Liar's Brew is a VR wizard academy game with a focus on spell casting, potion making, and mischief!

OBJECTIVE

Create a wizard school VR game where cheating is an encouraged mechanic. Using a mix of iconic and inventive pillars for how magic is used in the world, we want to narrow the focus of the gameplay into the first 5-10 minutes of the player putting on the headset. 

My personal objective as both a systems designer and AI programmer is to guide the team down a path I feel allows them the most flexibility in honing the experience. Most VR experiences are under 10 minutes. This being said, I want to share my experience of developing a 10-30 minute experience, with an intense focus on the first 5 minutes of play.

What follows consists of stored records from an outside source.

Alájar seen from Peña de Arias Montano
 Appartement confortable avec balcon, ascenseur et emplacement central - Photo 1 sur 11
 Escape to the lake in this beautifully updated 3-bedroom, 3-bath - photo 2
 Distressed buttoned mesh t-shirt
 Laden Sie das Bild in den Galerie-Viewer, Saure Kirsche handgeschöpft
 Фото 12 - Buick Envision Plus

Working in UE4 makes it very easy to develop for both Oculus and Vive. It also makes development when using blueprints extremly quick. Most of the team picked up blueprint programming within the first 2 weeks. This has allowed us to make great progress that is already leaps and bounds ahead of my first VR game in terms of schedule.

AI & Systems

While I have begun developing AI, most of my work has been in prototyping and designing what desired behaviors the NPCs should posses. I've spent a good portion of my time on the project working with one of the designers to create a mini crafting system where the player prepares ingredients to cook up potions.

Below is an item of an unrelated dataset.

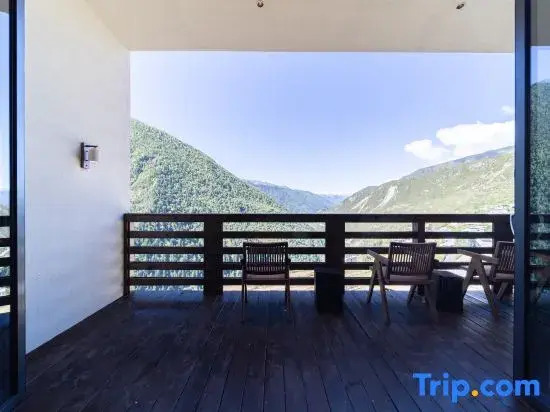 Qingya Yuanshan Homestay,Mount Siguniang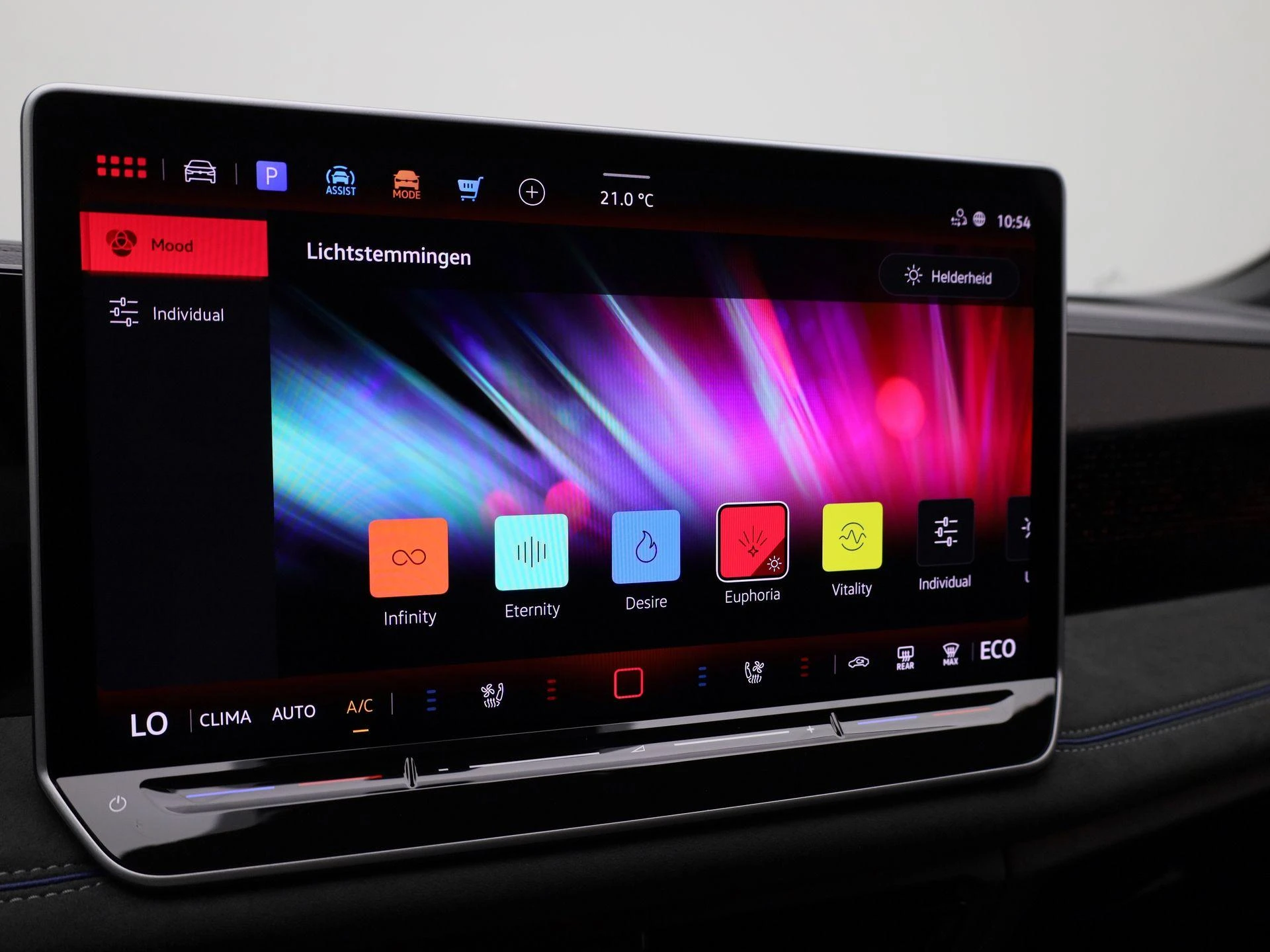 Volkswagen-Tiguan-image-30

I've also worked with procedural mesh slicing in my VR Ninja project, so the process has been pretty quick to implement. I've worked on the ingredient system as well as the potion crafting system with the designers so that we can plan the system out first, and avoid creating an unstable groundwork. Through inheritance, modular functionality, and pre-meditated groundwork building we've created a system that allows us to easily tweak and modify the goodies the player gets to chop up and toss in the cauldron.

 

While working on the project, I often try to walk designers through my path of reasoning so that they fully comprehend how I arrive at the decisions I do. This helps them to become better problem solvers as they learn to think for themselves, but it also allows them to ask the big questions of how their systems should function, before a single line of code or blueprint is made.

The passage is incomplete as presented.